The government has confirmed it will increase the age at which people can access their pensions from 55 to 57 in 2028.
The government first indicated its intention to increase the threshold back in 2014 but did not legislate for it, leaving many across the industry to question whether the change would ever go ahead.
Under current pension freedom rules, which were introduced in 2015, individuals aged 55 and over can choose how and when they can access their savings.
But the government said in an answer to a parliamentary question today (September 3) said it will legislate for the pension freedom age hike "in due course".

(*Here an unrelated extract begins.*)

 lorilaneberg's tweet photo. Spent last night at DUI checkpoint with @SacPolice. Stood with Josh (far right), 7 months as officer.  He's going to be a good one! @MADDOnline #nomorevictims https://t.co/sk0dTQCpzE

Economic secretary to the Treasury John Glen wrote: "In 2014 the government announced it would increase the minimum pension age to 57 from 2028, reflecting trends in longevity and encouraging individuals to remain in work, while also helping to ensure pension savings provide for later life.

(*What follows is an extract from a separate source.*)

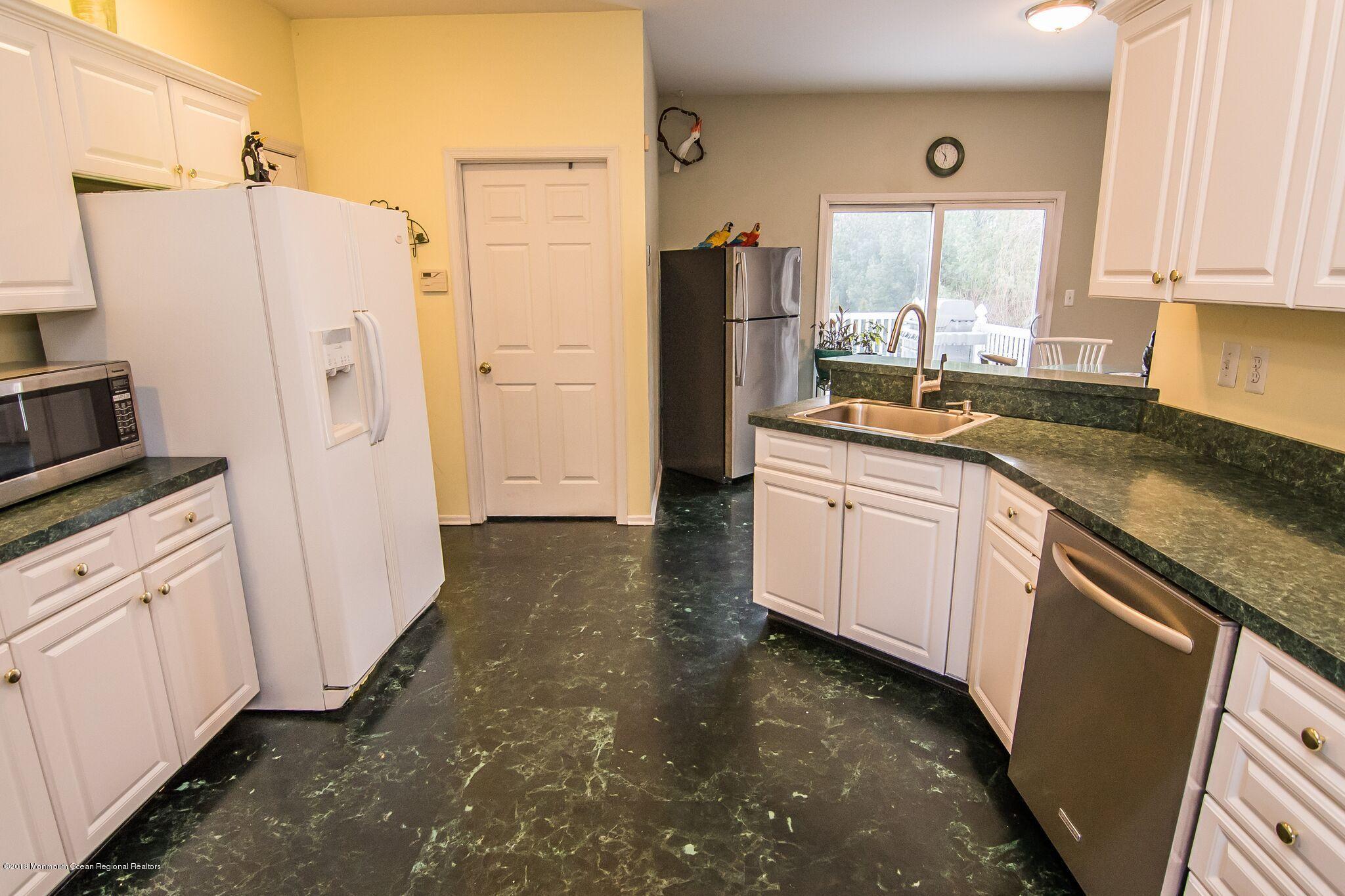 46 Bedle Road Hazlet, NJ 07730 - Photo 10 of 35 46 bedle rd. 13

"That announcement set out the timetable for this change well in advance to enable people to make financial plans and will be legislated for in due course."
Steven Cameron, pensions director at Aegon, said: “This latest announcement confirms the change will happen meaning those retiring in future will have to wait longer to access their pension.
“It will be particularly impactful on those who were due to reach their 55th birthday just after the cut off, sometime in 2028.”
Mr Cameron warned the government to make sure all savers are aware of this change to avoid another fiasco like the state pension age hike for women born in the 1950s.
He said: “It’s now imperative that both government and industry make sure this change is clear to all those saving in pensions.
“We can’t afford a repeat of the government communication gaps which left many women to find out too late that their state pension age was increasing from 60 to 65.”
State pension age blunder
Plans to increase the state pension age for women born in the 1950s were first announced in the Pension Act 1995 but these changes were accelerated as part of the Pension Act 2011.
The Backto60 campaign group, along with The Women Against State Pension Inequality, have claimed the changes were implemented unfairly and are calling for compensation to be paid to 3.8m women born in the 1950s.
They argue that the changes were made so quickly that these women were left with no time to make alternative plans.
Backto60 challenged government but the High Court ruled on October 3 that the increase in the state pension age was not discriminatory, as the women had claimed.
The group is currently waiting for the outcome of its Court of Appeal case which looked to overturn the decision made in the High Court.
Meanwhile, the Work and Pensions Committee is carrying out an inquiry into the impact of pension freedoms and the level of protection it offers to savers.